Work required: Pull every line containing "para" from the entries.

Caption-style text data
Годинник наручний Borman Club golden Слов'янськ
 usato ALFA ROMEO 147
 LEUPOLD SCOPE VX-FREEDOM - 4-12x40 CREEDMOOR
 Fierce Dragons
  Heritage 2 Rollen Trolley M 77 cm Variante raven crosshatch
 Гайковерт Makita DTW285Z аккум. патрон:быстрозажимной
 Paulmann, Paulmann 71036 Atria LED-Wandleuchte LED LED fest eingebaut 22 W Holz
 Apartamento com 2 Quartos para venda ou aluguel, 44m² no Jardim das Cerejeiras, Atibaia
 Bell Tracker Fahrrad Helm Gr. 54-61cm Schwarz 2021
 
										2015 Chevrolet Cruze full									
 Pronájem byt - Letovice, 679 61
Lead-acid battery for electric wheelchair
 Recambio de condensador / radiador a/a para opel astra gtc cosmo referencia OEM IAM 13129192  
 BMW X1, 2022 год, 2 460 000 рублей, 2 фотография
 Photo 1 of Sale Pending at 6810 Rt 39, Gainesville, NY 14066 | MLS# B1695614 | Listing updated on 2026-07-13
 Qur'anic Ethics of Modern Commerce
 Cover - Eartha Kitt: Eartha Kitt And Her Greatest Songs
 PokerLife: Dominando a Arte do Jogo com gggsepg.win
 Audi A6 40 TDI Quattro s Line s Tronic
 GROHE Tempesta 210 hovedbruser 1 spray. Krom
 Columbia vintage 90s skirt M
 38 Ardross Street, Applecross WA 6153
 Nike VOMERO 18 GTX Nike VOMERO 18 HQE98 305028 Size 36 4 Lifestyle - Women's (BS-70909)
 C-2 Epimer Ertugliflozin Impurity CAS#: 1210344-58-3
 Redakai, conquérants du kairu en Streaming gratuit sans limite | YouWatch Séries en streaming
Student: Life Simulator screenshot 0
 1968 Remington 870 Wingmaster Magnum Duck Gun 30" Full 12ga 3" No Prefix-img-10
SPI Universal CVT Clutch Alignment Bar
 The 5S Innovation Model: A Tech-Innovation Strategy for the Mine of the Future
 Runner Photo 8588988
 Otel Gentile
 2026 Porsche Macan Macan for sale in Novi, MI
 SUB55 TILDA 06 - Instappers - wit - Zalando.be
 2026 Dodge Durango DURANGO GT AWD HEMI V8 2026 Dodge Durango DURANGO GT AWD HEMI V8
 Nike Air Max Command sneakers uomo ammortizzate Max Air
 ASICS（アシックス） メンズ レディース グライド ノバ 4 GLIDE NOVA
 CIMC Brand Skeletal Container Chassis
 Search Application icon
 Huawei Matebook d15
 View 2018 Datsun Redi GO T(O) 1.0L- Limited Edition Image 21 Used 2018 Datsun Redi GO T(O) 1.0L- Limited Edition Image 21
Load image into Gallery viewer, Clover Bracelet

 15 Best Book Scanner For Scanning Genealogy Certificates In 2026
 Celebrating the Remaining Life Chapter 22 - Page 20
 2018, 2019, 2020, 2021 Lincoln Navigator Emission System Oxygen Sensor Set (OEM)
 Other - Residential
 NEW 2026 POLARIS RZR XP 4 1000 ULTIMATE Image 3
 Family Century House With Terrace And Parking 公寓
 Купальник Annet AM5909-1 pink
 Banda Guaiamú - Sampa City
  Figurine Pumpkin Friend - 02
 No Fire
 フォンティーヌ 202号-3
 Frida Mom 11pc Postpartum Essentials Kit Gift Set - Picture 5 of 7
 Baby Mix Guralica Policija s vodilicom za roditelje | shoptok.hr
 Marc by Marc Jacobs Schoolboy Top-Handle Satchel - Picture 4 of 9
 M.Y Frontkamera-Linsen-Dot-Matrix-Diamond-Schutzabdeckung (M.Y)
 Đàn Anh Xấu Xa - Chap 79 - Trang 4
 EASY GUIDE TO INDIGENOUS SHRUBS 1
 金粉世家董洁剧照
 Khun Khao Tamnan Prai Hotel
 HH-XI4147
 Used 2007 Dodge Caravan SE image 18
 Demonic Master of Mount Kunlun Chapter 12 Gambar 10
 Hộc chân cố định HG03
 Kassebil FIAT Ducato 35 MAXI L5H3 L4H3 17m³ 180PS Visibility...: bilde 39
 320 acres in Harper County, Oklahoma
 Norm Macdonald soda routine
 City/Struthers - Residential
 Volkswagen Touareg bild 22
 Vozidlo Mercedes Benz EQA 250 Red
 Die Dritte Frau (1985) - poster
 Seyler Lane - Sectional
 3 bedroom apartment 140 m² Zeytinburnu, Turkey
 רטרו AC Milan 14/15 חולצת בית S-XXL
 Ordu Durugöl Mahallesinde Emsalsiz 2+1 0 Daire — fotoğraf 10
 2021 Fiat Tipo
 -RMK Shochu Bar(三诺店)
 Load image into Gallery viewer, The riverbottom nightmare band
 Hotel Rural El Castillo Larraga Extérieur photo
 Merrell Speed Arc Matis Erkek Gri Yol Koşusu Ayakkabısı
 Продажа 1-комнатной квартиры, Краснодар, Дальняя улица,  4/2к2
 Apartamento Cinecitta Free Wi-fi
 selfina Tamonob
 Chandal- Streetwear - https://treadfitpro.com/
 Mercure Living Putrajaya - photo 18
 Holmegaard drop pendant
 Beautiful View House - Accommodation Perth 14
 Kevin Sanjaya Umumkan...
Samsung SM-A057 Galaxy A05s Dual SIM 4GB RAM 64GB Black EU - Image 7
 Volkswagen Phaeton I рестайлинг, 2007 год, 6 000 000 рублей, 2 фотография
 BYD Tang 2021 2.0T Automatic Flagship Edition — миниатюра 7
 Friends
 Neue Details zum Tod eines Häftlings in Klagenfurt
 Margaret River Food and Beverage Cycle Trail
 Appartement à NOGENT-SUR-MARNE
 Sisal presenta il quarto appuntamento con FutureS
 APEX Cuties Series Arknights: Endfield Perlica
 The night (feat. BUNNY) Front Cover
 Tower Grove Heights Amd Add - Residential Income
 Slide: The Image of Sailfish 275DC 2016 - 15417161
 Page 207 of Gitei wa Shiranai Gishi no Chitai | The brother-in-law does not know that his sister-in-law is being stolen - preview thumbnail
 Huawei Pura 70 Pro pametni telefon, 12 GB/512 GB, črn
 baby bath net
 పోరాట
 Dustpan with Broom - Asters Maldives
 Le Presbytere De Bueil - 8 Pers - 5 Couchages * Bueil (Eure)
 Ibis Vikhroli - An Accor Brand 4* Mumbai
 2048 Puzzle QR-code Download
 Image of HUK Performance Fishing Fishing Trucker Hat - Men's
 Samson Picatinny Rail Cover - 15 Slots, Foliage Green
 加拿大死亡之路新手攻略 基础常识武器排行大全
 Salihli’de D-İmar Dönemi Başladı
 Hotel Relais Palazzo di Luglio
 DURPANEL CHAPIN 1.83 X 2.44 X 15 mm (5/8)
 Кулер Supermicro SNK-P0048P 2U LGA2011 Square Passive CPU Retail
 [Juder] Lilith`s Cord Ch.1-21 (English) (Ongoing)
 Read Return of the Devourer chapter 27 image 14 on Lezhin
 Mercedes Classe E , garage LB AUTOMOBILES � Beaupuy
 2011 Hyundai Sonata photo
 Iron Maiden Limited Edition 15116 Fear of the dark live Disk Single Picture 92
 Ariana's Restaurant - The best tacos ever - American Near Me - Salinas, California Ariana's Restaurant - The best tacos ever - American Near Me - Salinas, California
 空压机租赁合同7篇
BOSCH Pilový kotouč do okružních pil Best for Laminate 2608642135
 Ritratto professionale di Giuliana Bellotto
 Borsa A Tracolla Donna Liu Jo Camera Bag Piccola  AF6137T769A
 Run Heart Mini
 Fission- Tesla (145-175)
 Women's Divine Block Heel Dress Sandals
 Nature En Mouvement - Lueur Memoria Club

Result for this task:
 Apartamento com 2 Quartos para venda ou aluguel, 44m² no Jardim das Cerejeiras, Atibaia
 Recambio de condensador / radiador a/a para opel astra gtc cosmo referencia OEM IAM 13129192  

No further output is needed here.